=== Exercise brief ===
In the entries below, find the line with "Close-up of wooden" and print exactly every line from there up to and including the line with "Wheels and Tires", with no other lines.

=== Given records ===
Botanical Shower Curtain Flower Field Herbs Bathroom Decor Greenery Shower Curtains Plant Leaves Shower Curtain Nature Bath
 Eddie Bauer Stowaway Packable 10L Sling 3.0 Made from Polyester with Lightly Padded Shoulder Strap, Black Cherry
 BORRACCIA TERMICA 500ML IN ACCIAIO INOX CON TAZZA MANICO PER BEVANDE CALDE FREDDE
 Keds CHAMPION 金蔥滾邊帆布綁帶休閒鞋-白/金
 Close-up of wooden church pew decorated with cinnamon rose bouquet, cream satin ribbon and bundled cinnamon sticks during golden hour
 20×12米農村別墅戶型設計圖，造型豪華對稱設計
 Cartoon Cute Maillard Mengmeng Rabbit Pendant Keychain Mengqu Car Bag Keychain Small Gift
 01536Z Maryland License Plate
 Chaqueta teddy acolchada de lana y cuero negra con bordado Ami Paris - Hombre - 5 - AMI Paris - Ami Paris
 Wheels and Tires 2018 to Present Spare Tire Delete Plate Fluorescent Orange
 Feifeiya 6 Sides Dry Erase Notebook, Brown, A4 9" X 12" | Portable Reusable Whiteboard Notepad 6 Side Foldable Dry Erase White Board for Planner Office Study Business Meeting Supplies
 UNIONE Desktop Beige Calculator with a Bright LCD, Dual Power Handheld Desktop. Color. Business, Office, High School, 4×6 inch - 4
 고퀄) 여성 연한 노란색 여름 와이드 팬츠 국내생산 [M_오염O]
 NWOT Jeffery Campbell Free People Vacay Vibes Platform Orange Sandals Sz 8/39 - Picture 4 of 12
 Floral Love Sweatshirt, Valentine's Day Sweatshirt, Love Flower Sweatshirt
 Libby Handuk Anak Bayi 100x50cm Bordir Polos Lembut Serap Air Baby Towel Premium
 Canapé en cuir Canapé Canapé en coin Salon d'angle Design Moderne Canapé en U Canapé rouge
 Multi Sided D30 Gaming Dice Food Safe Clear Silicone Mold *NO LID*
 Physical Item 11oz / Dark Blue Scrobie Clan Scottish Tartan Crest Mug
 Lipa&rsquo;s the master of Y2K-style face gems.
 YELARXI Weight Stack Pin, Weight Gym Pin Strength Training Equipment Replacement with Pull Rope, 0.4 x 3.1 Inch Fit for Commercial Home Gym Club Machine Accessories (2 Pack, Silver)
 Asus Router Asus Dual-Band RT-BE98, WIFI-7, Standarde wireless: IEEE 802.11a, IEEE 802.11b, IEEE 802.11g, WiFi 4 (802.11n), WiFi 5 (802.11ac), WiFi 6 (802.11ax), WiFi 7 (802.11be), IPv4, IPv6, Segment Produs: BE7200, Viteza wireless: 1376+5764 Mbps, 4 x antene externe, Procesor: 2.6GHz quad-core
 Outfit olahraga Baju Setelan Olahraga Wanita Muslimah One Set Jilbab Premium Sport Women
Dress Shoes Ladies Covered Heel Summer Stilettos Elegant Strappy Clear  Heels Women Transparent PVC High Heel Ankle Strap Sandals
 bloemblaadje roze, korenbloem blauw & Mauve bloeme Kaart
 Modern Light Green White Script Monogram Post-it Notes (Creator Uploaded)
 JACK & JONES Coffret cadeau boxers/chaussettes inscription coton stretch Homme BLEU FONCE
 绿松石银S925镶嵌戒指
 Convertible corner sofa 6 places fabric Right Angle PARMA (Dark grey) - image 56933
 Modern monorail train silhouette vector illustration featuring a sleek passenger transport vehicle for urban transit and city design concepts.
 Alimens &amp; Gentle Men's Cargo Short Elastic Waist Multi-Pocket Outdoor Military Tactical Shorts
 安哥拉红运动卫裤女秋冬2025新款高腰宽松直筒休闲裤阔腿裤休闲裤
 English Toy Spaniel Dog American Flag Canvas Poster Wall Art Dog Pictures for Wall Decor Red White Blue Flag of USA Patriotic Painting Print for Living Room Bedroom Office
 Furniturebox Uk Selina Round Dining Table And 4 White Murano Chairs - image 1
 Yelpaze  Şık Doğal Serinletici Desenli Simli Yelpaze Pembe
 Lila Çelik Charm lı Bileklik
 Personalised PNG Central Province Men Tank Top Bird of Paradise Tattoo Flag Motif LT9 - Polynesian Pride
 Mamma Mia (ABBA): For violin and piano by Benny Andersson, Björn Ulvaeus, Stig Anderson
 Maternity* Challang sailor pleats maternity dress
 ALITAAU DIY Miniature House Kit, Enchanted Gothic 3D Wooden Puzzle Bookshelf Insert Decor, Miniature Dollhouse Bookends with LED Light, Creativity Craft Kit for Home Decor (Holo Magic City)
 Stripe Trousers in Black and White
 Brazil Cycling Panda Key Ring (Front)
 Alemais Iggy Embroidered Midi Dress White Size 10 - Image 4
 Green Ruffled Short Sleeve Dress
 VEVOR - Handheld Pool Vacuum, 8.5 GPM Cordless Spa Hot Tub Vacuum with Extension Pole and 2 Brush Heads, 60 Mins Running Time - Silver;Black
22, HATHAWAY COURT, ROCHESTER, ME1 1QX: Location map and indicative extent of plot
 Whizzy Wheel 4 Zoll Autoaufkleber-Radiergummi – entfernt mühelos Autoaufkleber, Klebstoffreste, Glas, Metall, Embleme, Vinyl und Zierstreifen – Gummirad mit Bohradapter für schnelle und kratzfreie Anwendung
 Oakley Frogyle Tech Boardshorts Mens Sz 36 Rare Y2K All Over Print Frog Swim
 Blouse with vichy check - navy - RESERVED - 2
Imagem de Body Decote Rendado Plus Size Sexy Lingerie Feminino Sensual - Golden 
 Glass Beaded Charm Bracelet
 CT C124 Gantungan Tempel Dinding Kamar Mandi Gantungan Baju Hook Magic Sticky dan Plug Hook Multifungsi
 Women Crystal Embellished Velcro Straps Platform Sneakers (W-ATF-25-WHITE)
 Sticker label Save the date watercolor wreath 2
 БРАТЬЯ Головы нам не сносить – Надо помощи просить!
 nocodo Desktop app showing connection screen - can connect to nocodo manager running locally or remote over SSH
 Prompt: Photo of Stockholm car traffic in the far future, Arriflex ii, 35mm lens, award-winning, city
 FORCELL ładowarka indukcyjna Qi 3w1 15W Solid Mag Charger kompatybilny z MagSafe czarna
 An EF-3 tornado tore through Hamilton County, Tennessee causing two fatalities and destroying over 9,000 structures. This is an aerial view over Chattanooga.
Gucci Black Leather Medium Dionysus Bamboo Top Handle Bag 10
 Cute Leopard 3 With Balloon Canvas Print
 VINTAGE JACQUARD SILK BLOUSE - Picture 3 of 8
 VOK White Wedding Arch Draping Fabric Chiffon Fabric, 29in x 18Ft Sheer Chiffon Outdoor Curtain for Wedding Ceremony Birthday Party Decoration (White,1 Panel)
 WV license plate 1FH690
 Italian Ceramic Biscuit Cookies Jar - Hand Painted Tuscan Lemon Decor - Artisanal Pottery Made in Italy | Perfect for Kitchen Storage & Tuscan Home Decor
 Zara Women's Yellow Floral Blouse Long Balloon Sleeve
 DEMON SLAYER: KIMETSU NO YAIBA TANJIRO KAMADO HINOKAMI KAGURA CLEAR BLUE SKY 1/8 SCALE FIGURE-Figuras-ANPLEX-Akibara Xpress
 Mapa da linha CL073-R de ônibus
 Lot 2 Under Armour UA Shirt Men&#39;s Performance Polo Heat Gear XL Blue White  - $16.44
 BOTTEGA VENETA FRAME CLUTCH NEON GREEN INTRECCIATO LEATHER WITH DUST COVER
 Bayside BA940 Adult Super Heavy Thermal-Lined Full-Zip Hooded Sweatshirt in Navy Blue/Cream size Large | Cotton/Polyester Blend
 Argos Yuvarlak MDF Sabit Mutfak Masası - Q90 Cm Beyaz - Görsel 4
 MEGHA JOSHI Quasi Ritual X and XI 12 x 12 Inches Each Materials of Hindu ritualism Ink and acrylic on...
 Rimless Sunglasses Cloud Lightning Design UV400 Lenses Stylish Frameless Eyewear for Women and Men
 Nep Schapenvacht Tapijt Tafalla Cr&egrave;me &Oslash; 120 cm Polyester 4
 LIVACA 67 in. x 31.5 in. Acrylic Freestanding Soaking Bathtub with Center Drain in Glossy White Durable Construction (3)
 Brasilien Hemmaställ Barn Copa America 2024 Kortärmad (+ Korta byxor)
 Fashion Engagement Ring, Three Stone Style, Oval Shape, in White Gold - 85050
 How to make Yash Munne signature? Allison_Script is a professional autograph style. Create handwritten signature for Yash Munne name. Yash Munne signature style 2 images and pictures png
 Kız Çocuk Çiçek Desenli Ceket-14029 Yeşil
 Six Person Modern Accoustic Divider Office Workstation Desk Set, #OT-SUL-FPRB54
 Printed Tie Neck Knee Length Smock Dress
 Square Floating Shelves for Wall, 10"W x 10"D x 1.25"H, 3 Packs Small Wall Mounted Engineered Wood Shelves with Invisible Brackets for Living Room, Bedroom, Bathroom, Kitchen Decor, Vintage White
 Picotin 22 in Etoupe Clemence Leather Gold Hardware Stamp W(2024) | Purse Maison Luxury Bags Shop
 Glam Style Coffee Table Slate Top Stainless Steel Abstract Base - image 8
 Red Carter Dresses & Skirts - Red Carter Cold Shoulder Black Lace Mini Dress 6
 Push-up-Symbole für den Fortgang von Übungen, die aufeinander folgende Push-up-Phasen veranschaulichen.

=== Exercise response ===
 Close-up of wooden church pew decorated with cinnamon rose bouquet, cream satin ribbon and bundled cinnamon sticks during golden hour
 20×12米農村別墅戶型設計圖，造型豪華對稱設計
 Cartoon Cute Maillard Mengmeng Rabbit Pendant Keychain Mengqu Car Bag Keychain Small Gift
 01536Z Maryland License Plate
 Chaqueta teddy acolchada de lana y cuero negra con bordado Ami Paris - Hombre - 5 - AMI Paris - Ami Paris
 Wheels and Tires 2018 to Present Spare Tire Delete Plate Fluorescent Orange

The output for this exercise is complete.